→ **Task statement**
Would you give the entries again word for word, with no pictures in the copy?

→ **Entries shown**
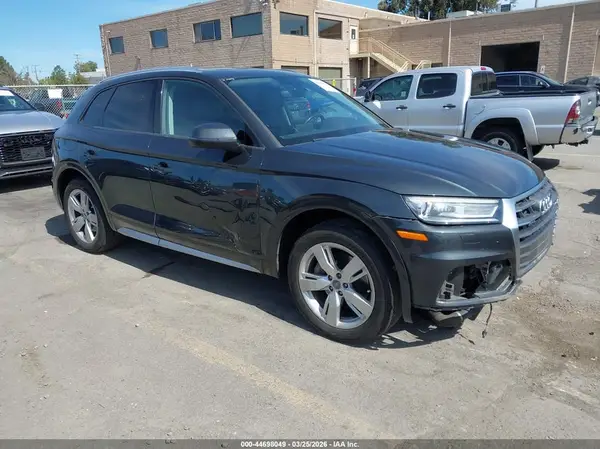 WA1ANAFY4J2003377 2018 AUDI Q5 - Image 1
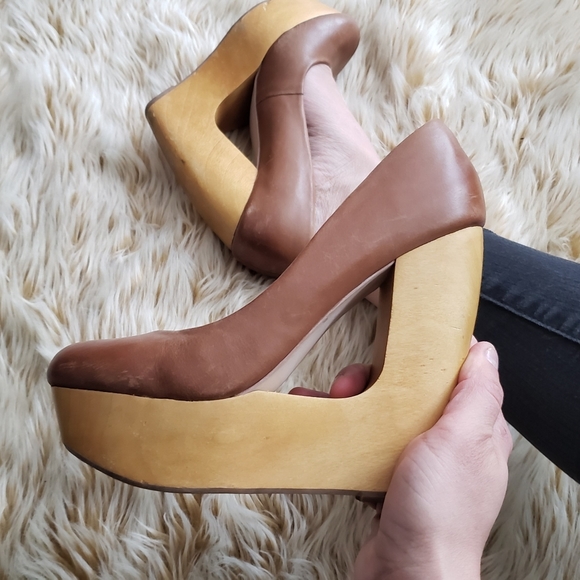 ALDO / Leather Wooden Platforms 7,5 - Picture 1 of 7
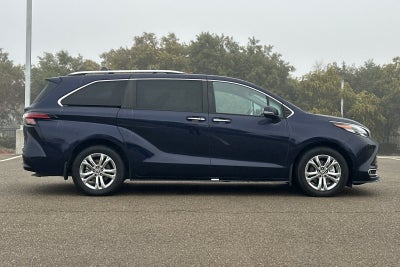 2023 Toyota Sienna Platinum 7 Passenger
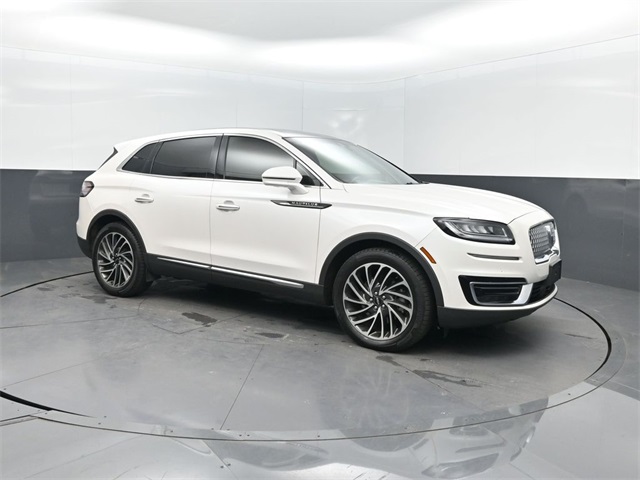 2019 Lincoln Nautilus Reserve photo 28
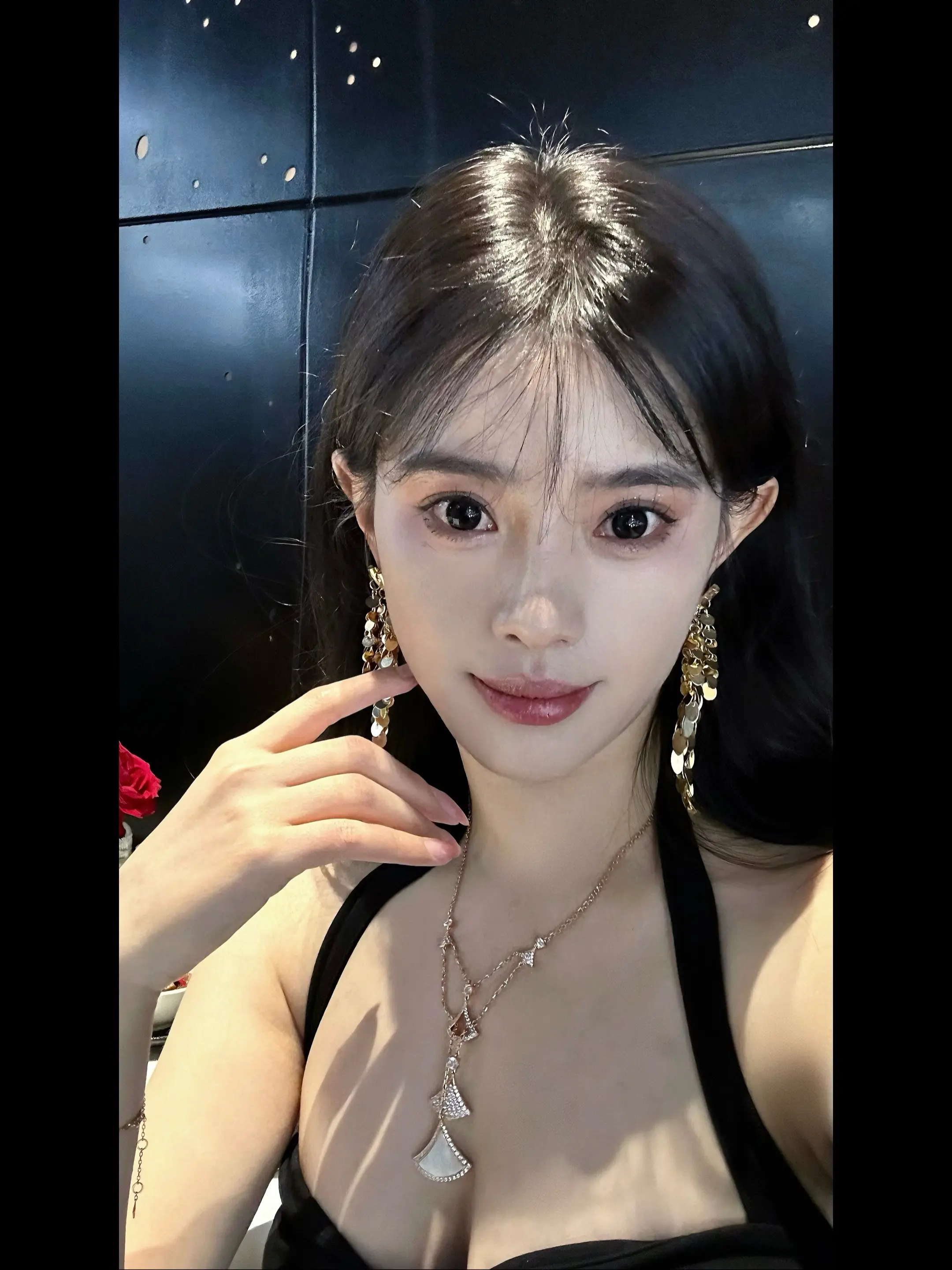 浓颜系 女生男相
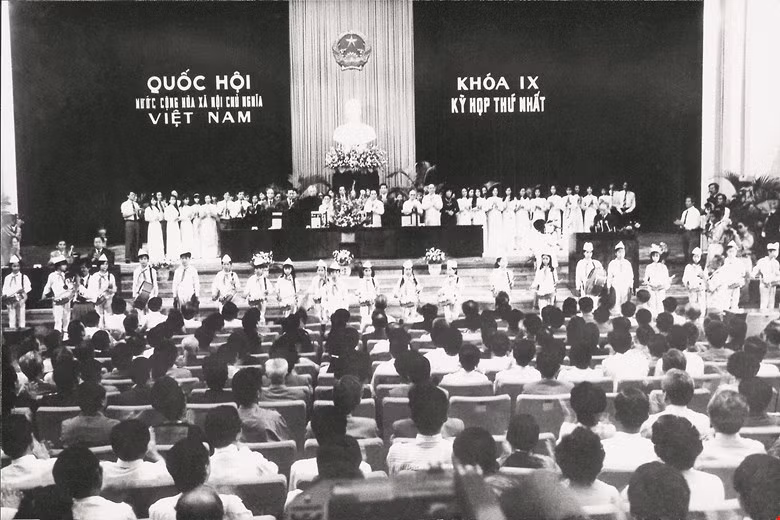 Ảnh với chú thích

→ **Exercise solution**
 WA1ANAFY4J2003377 2018 AUDI Q5 - Image 1
 ALDO / Leather Wooden Platforms 7,5 - Picture 1 of 7
 2023 Toyota Sienna Platinum 7 Passenger
 2019 Lincoln Nautilus Reserve photo 28
 浓颜系 女生男相
 Ảnh với chú thích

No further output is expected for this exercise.